KR: I wanted to ask about your approach to literary criticism as a genre and what you find yourself learning from literary criticism.

ET: You can learn so much from reading it, but from writing it you learn even more, because you learn about what you like and what you think works and why. I feel like I’ve learned a lot about my own work just from writing about other people’s work. It’s so hard to look at your own stuff critically and pretend that you didn’t write it, but the more you practice doing that with other people’s work, the easier it can be to apply that to your own work. I have been writing various kinds of literary criticism for many many years and I think that what’s most interesting to me is not just evaluating something but putting it into context and conversation with the world. What use is a book review in the void, right? It’s interesting on its own in terms of evaluating the book but you want what you’re writing about a book to be interesting to someone who hasn’t read it, and you want to tell them why you should or shouldn’t read it, and you want to be convincing. That’s a different thing from just evaluating a work. That space I find really interesting—I can look at the craft of a book, but how does this book exist in relation to other people and the world?

KR: I was wondering if you could speak to your position at Lit Hub and how you came to it and how it’s changed your perspective?
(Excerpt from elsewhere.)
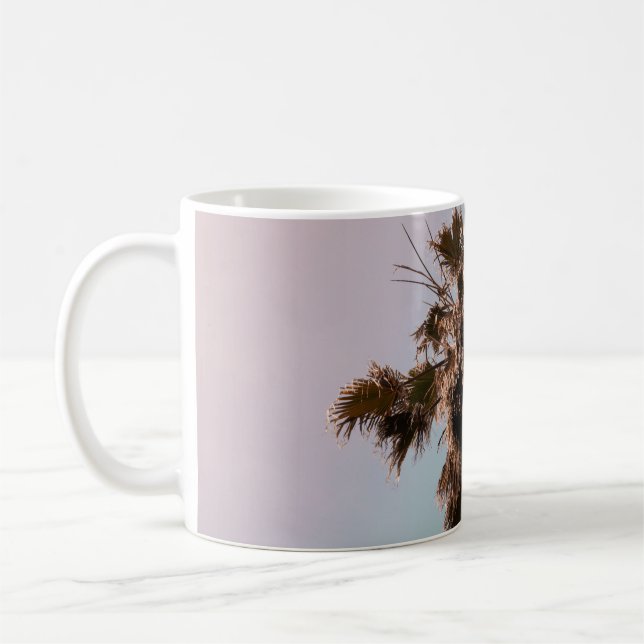 Mug Photographie en angle bas du plante de palme (Gauche)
ET: I’ll give you the short version, which is that when I graduated from college I got an internship writing blog posts for a now defunct website called Flavorwire and I figured out how to write for the internet as writing for the internet was evolving, and then I just kept doing that until I wound up at Lit Hub. But the thing that writing and editing for Lit Hub, and writing for the internet in general for all these years, has really taught me is to let go. When I started working in this field I had to write four pieces a day about anything—art, books, I had to just find something to say. It was just about creating content, so what I had to do was to find something to talk about, say it, press publish and move it along, and that was very hard for me. Now I have a lot more time to spend on things at Lit Hub because I’m no longer the workhorse, but what it really taught me to do was to trust myself and to not let perfect be the enemy of good. It gave me the ability to not agonize over every sentence until it was time to agonize over every sentence. You can also obviously make a line between all the list making that I have done in my career to the way that I write fiction, because there’s a million lists in there in various ways. I still think that lists are the answer to death, they’re amazing forms of literature.

MF: After The Lightness and other projects, what are you doing now?

ET: I’m going to try to write a new novel. Once you’ve learned how to write a novel you think that it’s going to be easy to do again, but every new novel is its own new project and puzzle to figure out, so I am knee deep in novel two. Hopefully—in however many years—I will get out.